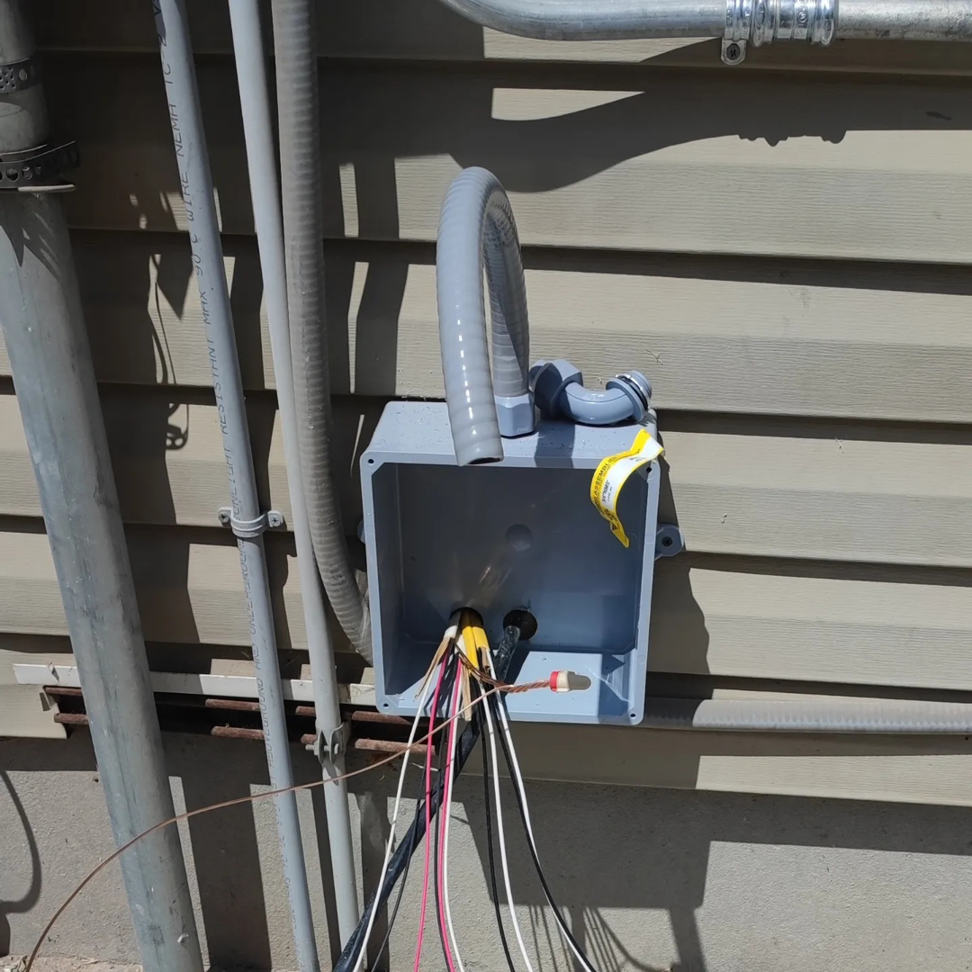 An outdoor electrical junction box with wires and conduits on the side of a building by Lara Electric in Miami, FL.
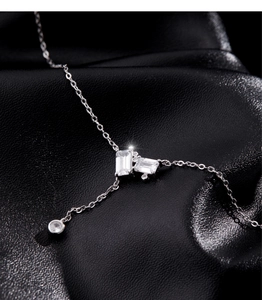 Macro view of emerald-cut and round-cut stones on Y-necklace against black leather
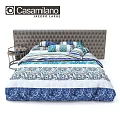 Tufted Headboard Bed With Blue And White Patterned Bedding And Small Round Side Table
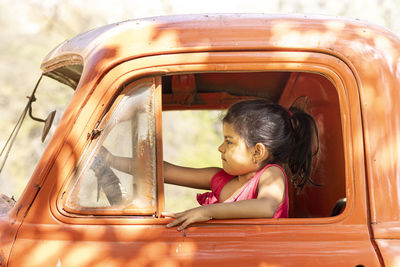 Portrait of girl sitting in window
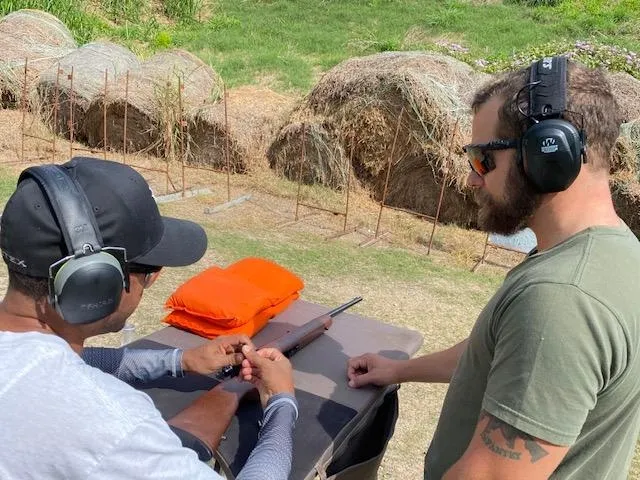 A man in ear muffs and a hat is holding a knife.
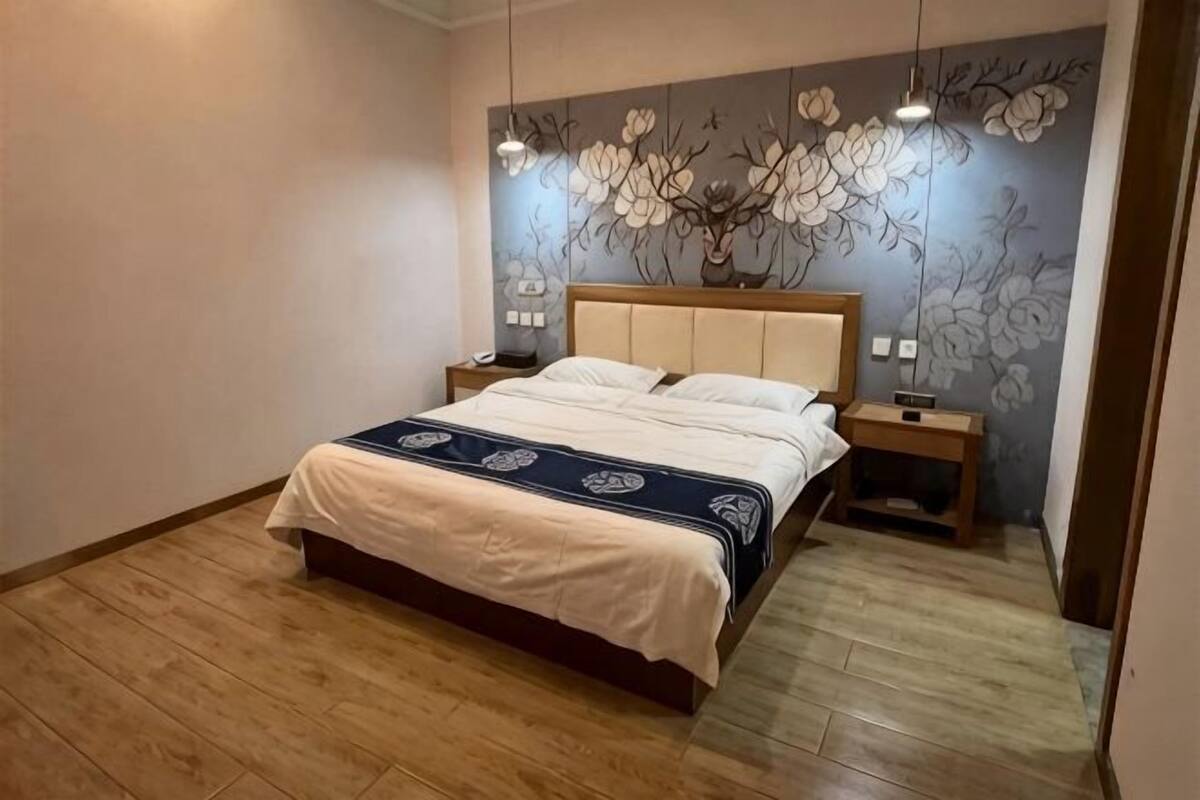 Ein Schlafzimmer mit Bett, Nachttischen, einer Wandlampe und einer floralen Wandmalerei.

* **EXERCISE**
Although the records include pictures, output only their text, exactly and completely.

* **REPLY**
 An outdoor electrical junction box with wires and conduits on the side of a building by Lara Electric in Miami, FL.
 Macro view of emerald-cut and round-cut stones on Y-necklace against black leather
 Tufted Headboard Bed With Blue And White Patterned Bedding And Small Round Side Table
 Portrait of girl sitting in window
 A man in ear muffs and a hat is holding a knife.
 Ein Schlafzimmer mit Bett, Nachttischen, einer Wandlampe und einer floralen Wandmalerei.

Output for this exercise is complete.